= Berlin Villa d'Este =

The Berlin Villa d'Este was a restaurant and dance cafe on Hardenbergstrasse in the Charlottenburg district of Berlin, Germany, in the late 1920s and early 1930s.

==Building==
The small neo-baroque palace at Hardenbergstrasse 21–23 was built in 1889.

Located near the Berlin Zoologischer Garten railway station (where the Amerika Haus Berlin is now located), it was the ostentatious residence of its bourgeois owners (Wilhelm and Anna Koch). After the death of the owner's family, it initially served film and stage actors (Bühne und Film e.V.) as their elegant club. Then it was converted for gastronomical use and received the name "Villa d'Este", probably as a reference to the deluxe hotel Villa d'Este at Lake Como in Italy.

== History ==
In the Roaring Twenties, "Dance and pleasure" was the motto of a portion of Berlin society. Nightclubs, bars, cabarets, and variety theatres were very popular. In particular, Hardenbergstrasse developed – in addition to Friedrichstrasse – as a most popular nightlife area.

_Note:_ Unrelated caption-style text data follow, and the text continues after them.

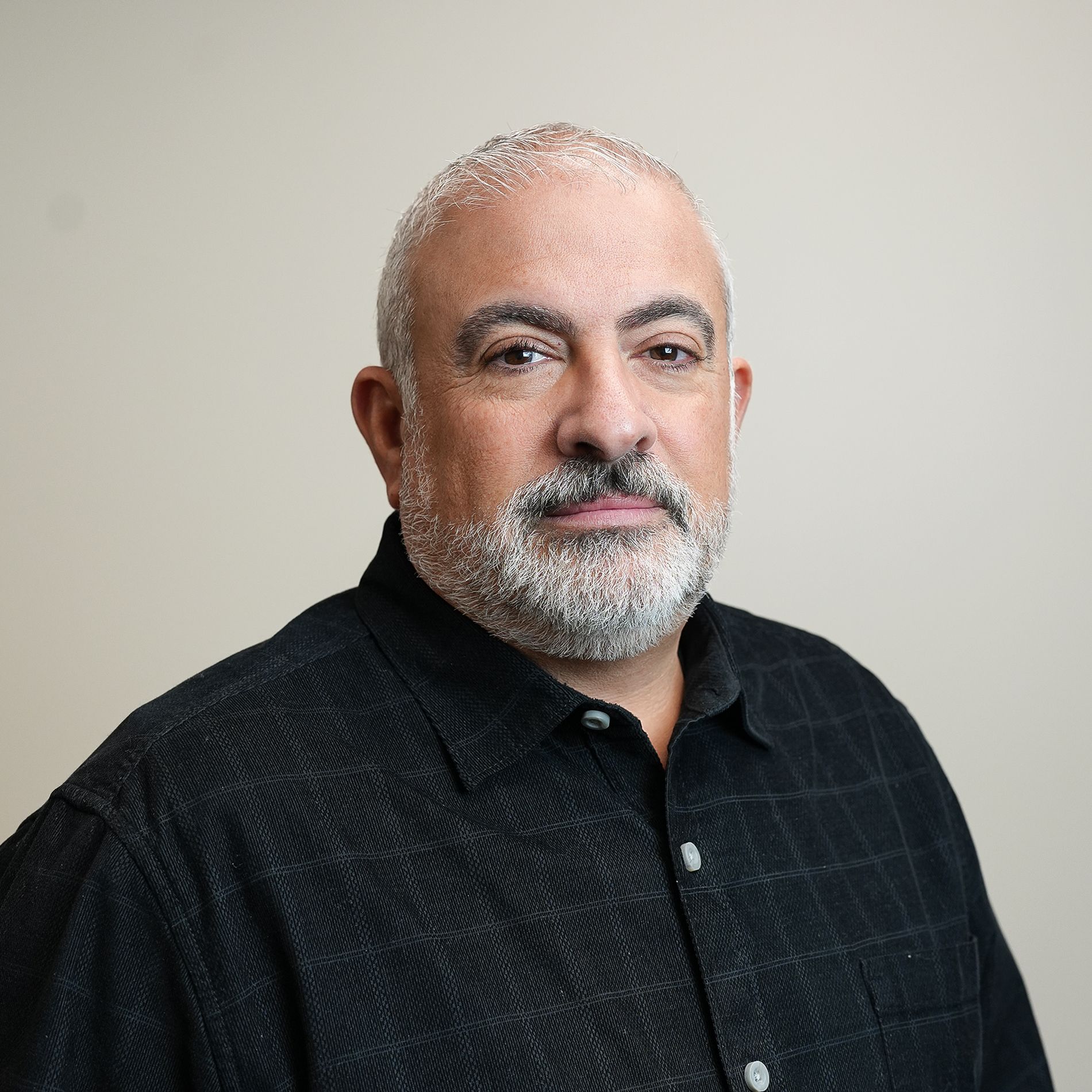 A man and a woman are sitting on a dock overlooking a lake.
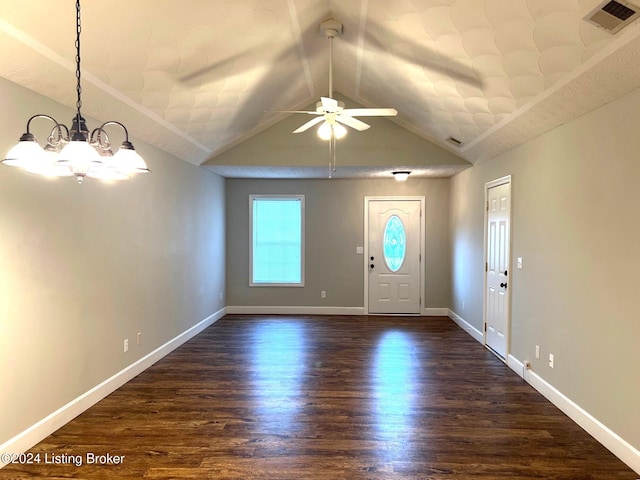 foyer featuring ceiling fan with notable chandelier, dark wood-type flooring, and vaulted ceiling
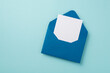 Top view photo of open blue envelope with paper sheet on isolated pastel blue background with empty space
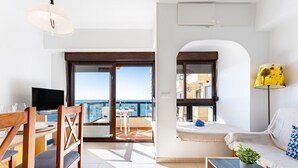 A modern living room with a TV, wooden chairs, a sofa, and a balcony with a view of the sea. - MalagaSuite New Aloha Playa (Benalmádena)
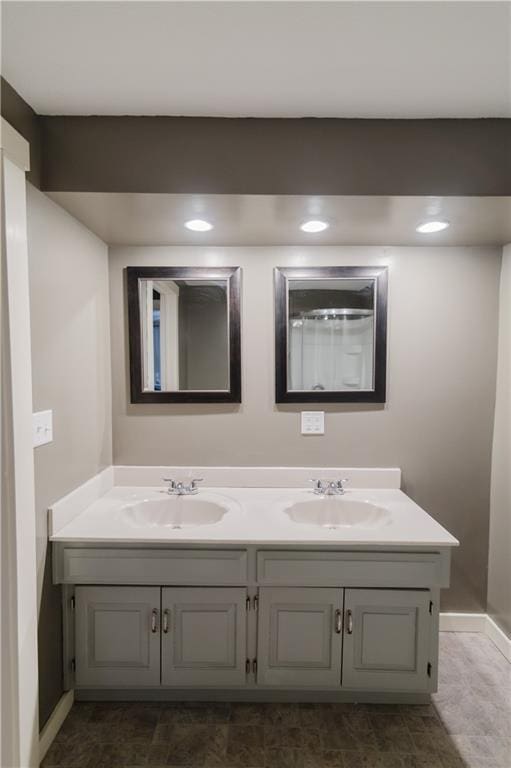 full bathroom with a sink, baseboards, and double vanity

==Restaurant and dance cafe==
In June 1927, the luxurious restaurant and dance cafe Villa d'Este, opened at Hardenbergstrasse 21–23.

"Attention deserves the elegant and very beautiful restaurant Villa d'Este in the Hardenbergstrasse, in a small villa" wrote the journalist Eugen Szatmari in his guidebook "Was nicht im Baedeker steht".

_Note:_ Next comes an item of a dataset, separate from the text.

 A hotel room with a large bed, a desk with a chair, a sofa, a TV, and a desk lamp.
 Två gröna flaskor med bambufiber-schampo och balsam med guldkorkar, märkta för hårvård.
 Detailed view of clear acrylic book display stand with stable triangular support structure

In addition to the restaurant and bar, the establishment offered a grand garden on the rear side of the house, where guests could sit under the trees and dance on a dance floor (the so-called "Tanzspirale") throughout the night. Famous musicians and bands, such as Mike Danzi, Paul Godwin, René Dumont, Dajos Béla, Harry Revel and Bernhard Barenblatt played for an "audience who have the necessary wherewithal", according to the Berlin Journalist Adolf Stein alias "Rumpelstilzchen" on the occasion of the opening of the restaurant.

==Changes of owner and name==
The Wall Street crash of 1929 (Black Thursday) and the Great Depression that followed, plus the pressure of competition between the entertainment bars, rapidly downgraded the economic situation of many gastronomic companies.

In 1929, the "Villa d’Este" had already passed into the hands of Jewish restaurateur, Josef König, and renamed as "Cafe König am Zoo – Villa d’Este". Possibly, as a prediction of the upcoming threat of the political situation, König sold his ownership of the "Villa d’Este", in the spring of 1932. The new owner, Ludwig Konecny, renamed the restaurant as "Kaffee Aquarium". But from the viewpoint of Berlin society, the building continued to be known as "Villa d’Este". Konecny, also owner of the Berlin transvestite club "Eldorado", fled to czechia in mid 1933. From there he authorized a managing director to manage the business. But with the rise of National Socialism, the restaurant and coffee house business had become difficult. Finally, bankruptcy proceedings were opened for the Villa d'Este in May 1936.

At the end of the 1930s, the National Socialist "Ausstellungsleitung e.V.“ (Nazis), moved into the location.